Selbstverständlich immer mit einem Lächeln. "Höflichkeit geht vor"
ist eine Regel, auch wenn die Antwort immer die gleiche sein muss. Doch
der Mann, der gerade eingetreten war, stellte nicht diese Art von
schnellen Fragen. Er war aus einem anderen, vielleicht interessanteren
Grund an diesen Ort gekommen? Nein, Otgo war nicht da, um den Preis
für diesen feinen Seidenschal aus Malta oder diese handgefertigten
Ohrringe zu erfahren. Sein Interesse galt der Galerie an sich, diesem
ehemaligen Lagerhaus, das zu einer Galerie für zeitgenössische Kunst
umgebaut wurde. Er sah Maria an und stellte eine erste Frage, woraufhin
der Dialog begann. Otgo stellte Fragen zur Galerie, zu den Künstlern,
die hier ausstellten, zu möglichen Partnerschaften. Er wollte wissen,
ob es für ihn möglich wäre, in dieser Galerie auszustellen.

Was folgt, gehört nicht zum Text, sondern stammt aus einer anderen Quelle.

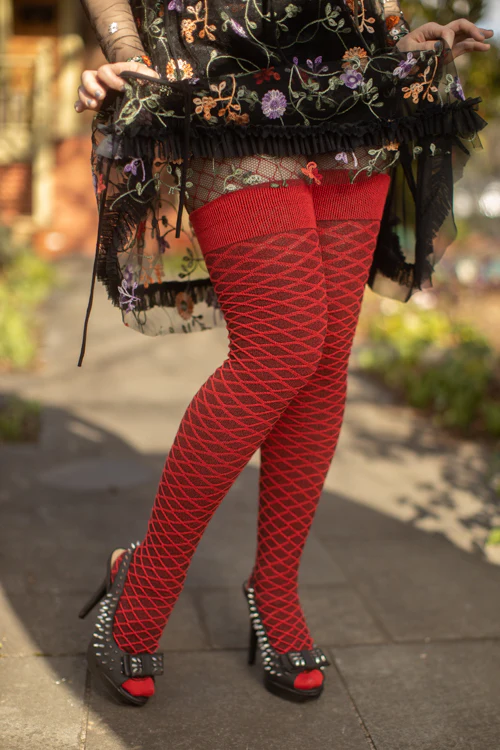 Longer Diamond Wave Extraordinary Socks - Image 8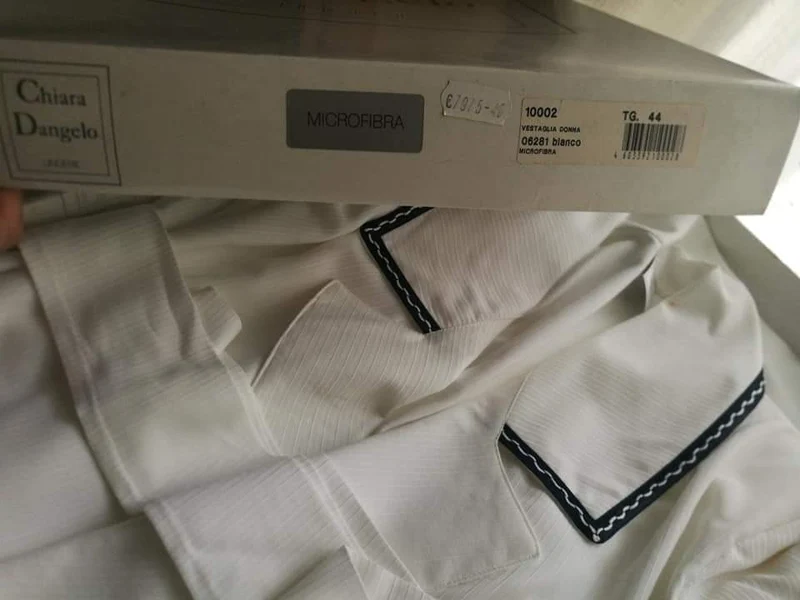 Vestaglia donna in microfibra, Chiara D'Angelo, bianca,vintage. 700g.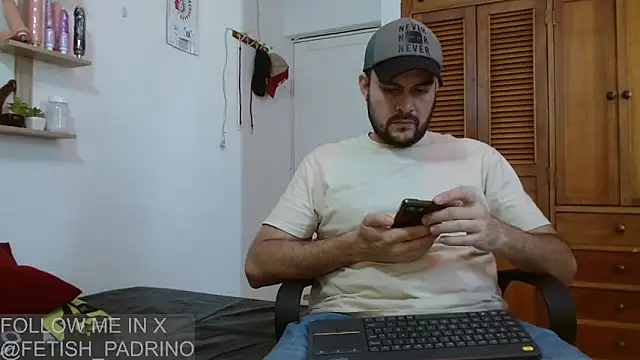 Snapshot of fetish_padrino chatting on 03-13-25, 03:28 fetish padrino online show from 03-13-25, 03:28
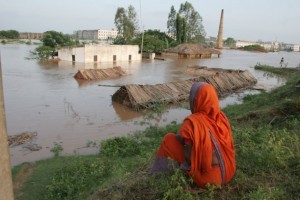 Una mujer observa impotente cómo el agua inunda su vivienda con techo de paja y todas sus posesiones a las afueras de la ciudad de Bhubaneswar, en el oriental estado de Odisha, en India, en 2008. Crédito: Manipadma Jena/IPS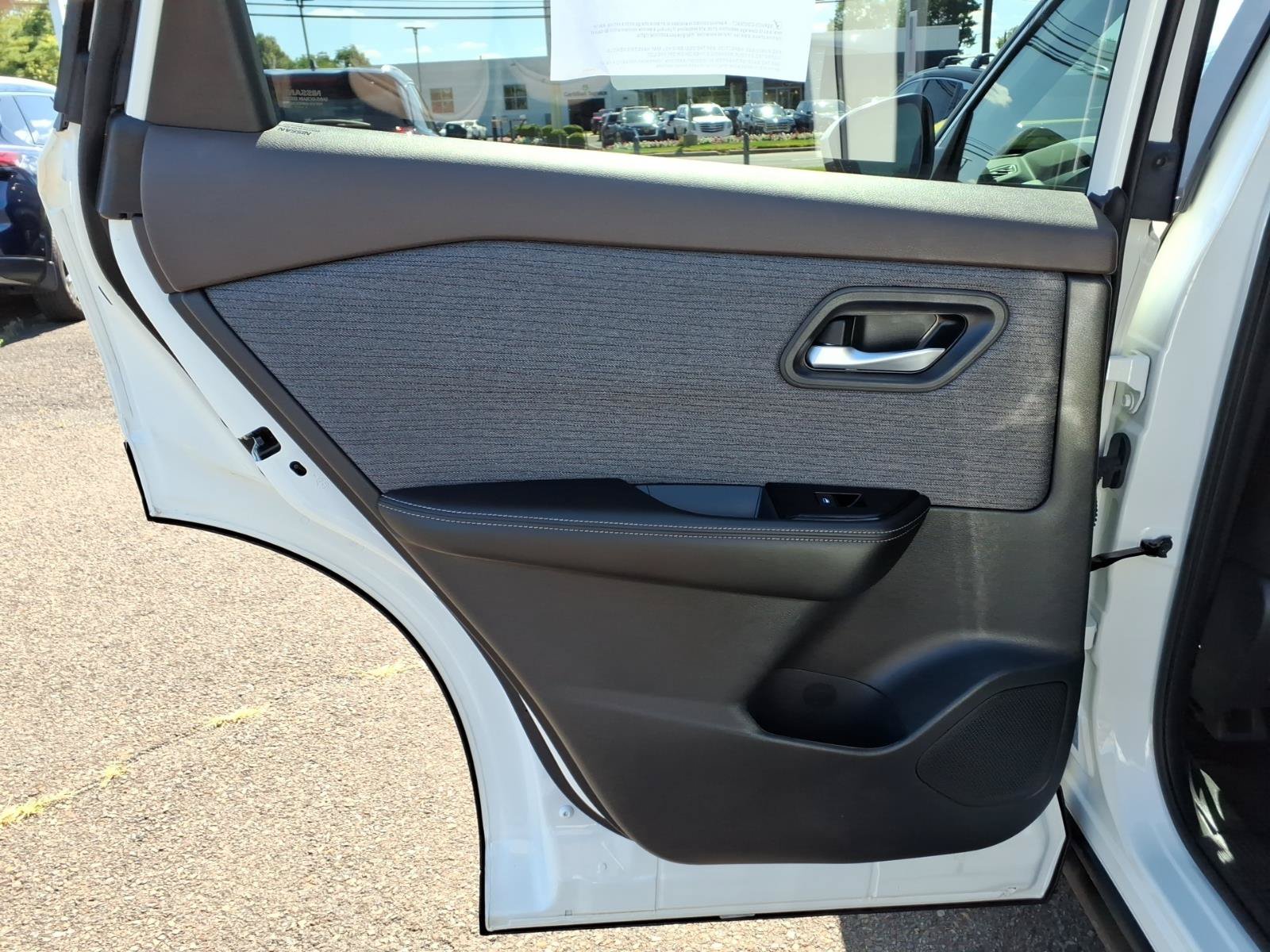 Certified 2023 Nissan Rogue SV AWD/4WD image 24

Zunehmend an diesem Besucher interessiert, der so anders war als alle
anderen, hörte ich zu, während ich meine Arbeit fortsetzte. Ich
erinnere mich, dass ich den Künstler sofort mochte. Sein Blick hatte
etwas sehr Sanftes und Menschliches an sich. Er konnte zuhören, zeigte
anderen gegenüber Interesse, antwortete und argumentierte, wenn dies
angebracht war. Ich spürte, dass eine positive und strahlende Energie
von ihm ausging. Er stellte sich kurz vor, ohne pompöse Firlefanz, und
interessierte sich dann für Maria, ihren Beruf und ihr Studium, und
das erschien mir fantastisch. Im Gegenzug erzählte ihm meine Kollegin
von der Galerie, dem Besitzer und führte ihn ein wenig herum. Ich
arbeitete weiter und beobachtete aus den Augenwinkeln, wie sie sich
umherbewegten. Da der Besitzer der Galerie an diesem Tag nicht anwesend
war, waren Verhandlungen nicht wirklich möglich. Daher ließ er nach
den Erklärungen seine Karte liegen, bedankte sich und ging. Es wurde
wieder still in der Galerie und die Routine nahm ihren Lauf.
Valletta, Malta
Ich
war neugierig und beschloss, mir die Karte anzusehen, die er
hinterlassen hatte. Diese war dünn und elegant. Auf der linken Seite
war ein kleines Symbol eingraviert, das Symbol der Mongolei. Das alles
erschien mir unglaublich und unwahrscheinlich zugleich. Unglaublich,
weil Ogto ein anerkannter Künstler war und schon lange von seiner
Kunst leben konnte, aber auch, weil er der Chefkurator des Nationalen
Kunstmuseums der Mongolei war. Unwahrscheinlich, denn wenngleich eine
Galerie ein günstiger Ort ist, um Künstlern zu begegnen, sind
mongolische Künstler selten zu treffen.
Um ehrlich zu sein, wusste ich so gut wie nichts über die Kunst dieses
Landes. Die einzigen Dinge, die mir in den Sinn kamen, waren wilde
Pferde, Jurten, Krieger und riesige Steppen. Kurz gesagt, flüchtige
und sehr begrenzte Abbilder. Da ich mich ein wenig für das wenige
Wissen, das ich besaß, schämte, beschloss ich noch am selben Abend,
über die Kunst und Geschichte des Landes zu recherchieren.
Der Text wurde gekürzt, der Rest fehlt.